*** Data extracts Section Begins ***

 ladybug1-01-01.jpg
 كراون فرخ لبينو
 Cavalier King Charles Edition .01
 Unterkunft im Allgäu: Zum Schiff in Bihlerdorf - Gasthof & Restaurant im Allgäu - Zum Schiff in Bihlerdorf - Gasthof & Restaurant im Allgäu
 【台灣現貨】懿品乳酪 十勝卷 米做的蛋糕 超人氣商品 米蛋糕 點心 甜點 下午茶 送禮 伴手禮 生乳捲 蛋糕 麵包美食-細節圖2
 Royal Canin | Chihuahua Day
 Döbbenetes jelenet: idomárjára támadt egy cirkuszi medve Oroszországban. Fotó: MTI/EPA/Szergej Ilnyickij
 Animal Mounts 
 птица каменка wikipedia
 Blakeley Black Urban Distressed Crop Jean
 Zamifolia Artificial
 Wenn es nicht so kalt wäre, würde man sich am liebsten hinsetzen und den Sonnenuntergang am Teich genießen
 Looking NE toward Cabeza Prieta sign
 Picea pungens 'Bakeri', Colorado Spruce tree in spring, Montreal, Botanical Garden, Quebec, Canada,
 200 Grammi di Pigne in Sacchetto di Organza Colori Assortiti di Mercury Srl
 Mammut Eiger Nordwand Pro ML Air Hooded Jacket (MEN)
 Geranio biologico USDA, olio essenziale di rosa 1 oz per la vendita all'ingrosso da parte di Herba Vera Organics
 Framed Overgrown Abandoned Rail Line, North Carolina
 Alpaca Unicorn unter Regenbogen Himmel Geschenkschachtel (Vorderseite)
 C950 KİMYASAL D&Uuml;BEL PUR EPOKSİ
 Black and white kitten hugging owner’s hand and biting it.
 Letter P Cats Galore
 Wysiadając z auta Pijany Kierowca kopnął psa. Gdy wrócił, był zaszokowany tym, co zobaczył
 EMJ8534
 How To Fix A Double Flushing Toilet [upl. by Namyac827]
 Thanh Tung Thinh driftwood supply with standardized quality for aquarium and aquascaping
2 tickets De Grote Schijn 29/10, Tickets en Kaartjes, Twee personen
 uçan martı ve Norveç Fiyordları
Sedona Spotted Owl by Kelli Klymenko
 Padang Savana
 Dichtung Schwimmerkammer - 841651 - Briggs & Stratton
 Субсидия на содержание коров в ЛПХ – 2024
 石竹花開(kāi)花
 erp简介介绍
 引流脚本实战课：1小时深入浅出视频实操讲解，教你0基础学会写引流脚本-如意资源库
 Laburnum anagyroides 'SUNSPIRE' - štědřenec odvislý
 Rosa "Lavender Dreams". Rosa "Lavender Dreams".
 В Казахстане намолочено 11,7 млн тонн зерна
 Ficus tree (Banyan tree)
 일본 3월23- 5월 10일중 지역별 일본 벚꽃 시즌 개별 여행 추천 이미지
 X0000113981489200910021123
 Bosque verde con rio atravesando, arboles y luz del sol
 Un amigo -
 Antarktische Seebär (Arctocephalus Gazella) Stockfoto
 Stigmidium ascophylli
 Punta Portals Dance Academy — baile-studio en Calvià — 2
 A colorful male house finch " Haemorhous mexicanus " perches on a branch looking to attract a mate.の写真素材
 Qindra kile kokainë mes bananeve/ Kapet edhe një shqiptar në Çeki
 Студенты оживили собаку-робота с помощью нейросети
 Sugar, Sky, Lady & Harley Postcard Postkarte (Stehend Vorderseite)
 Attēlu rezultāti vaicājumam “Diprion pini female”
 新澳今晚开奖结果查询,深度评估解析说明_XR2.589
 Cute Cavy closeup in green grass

*** Data extracts Section Ends ***

What to do. Quote in full each line from the top of the records above through the line with "В Казахстане намолочено 11,7 млн тонн зерна"; stop after that line.

Solution to the problem.
 ladybug1-01-01.jpg
 كراون فرخ لبينو
 Cavalier King Charles Edition .01
 Unterkunft im Allgäu: Zum Schiff in Bihlerdorf - Gasthof & Restaurant im Allgäu - Zum Schiff in Bihlerdorf - Gasthof & Restaurant im Allgäu
 【台灣現貨】懿品乳酪 十勝卷 米做的蛋糕 超人氣商品 米蛋糕 點心 甜點 下午茶 送禮 伴手禮 生乳捲 蛋糕 麵包美食-細節圖2
 Royal Canin | Chihuahua Day
 Döbbenetes jelenet: idomárjára támadt egy cirkuszi medve Oroszországban. Fotó: MTI/EPA/Szergej Ilnyickij
 Animal Mounts 
 птица каменка wikipedia
 Blakeley Black Urban Distressed Crop Jean
 Zamifolia Artificial
 Wenn es nicht so kalt wäre, würde man sich am liebsten hinsetzen und den Sonnenuntergang am Teich genießen
 Looking NE toward Cabeza Prieta sign
 Picea pungens 'Bakeri', Colorado Spruce tree in spring, Montreal, Botanical Garden, Quebec, Canada,
 200 Grammi di Pigne in Sacchetto di Organza Colori Assortiti di Mercury Srl
 Mammut Eiger Nordwand Pro ML Air Hooded Jacket (MEN)
 Geranio biologico USDA, olio essenziale di rosa 1 oz per la vendita all'ingrosso da parte di Herba Vera Organics
 Framed Overgrown Abandoned Rail Line, North Carolina
 Alpaca Unicorn unter Regenbogen Himmel Geschenkschachtel (Vorderseite)
 C950 KİMYASAL D&Uuml;BEL PUR EPOKSİ
 Black and white kitten hugging owner’s hand and biting it.
 Letter P Cats Galore
 Wysiadając z auta Pijany Kierowca kopnął psa. Gdy wrócił, był zaszokowany tym, co zobaczył
 EMJ8534
 How To Fix A Double Flushing Toilet [upl. by Namyac827]
 Thanh Tung Thinh driftwood supply with standardized quality for aquarium and aquascaping
2 tickets De Grote Schijn 29/10, Tickets en Kaartjes, Twee personen
 uçan martı ve Norveç Fiyordları
Sedona Spotted Owl by Kelli Klymenko
 Padang Savana
 Dichtung Schwimmerkammer - 841651 - Briggs & Stratton
 Субсидия на содержание коров в ЛПХ – 2024
 石竹花開(kāi)花
 erp简介介绍
 引流脚本实战课：1小时深入浅出视频实操讲解，教你0基础学会写引流脚本-如意资源库
 Laburnum anagyroides 'SUNSPIRE' - štědřenec odvislý
 Rosa "Lavender Dreams". Rosa "Lavender Dreams".
 В Казахстане намолочено 11,7 млн тонн зерна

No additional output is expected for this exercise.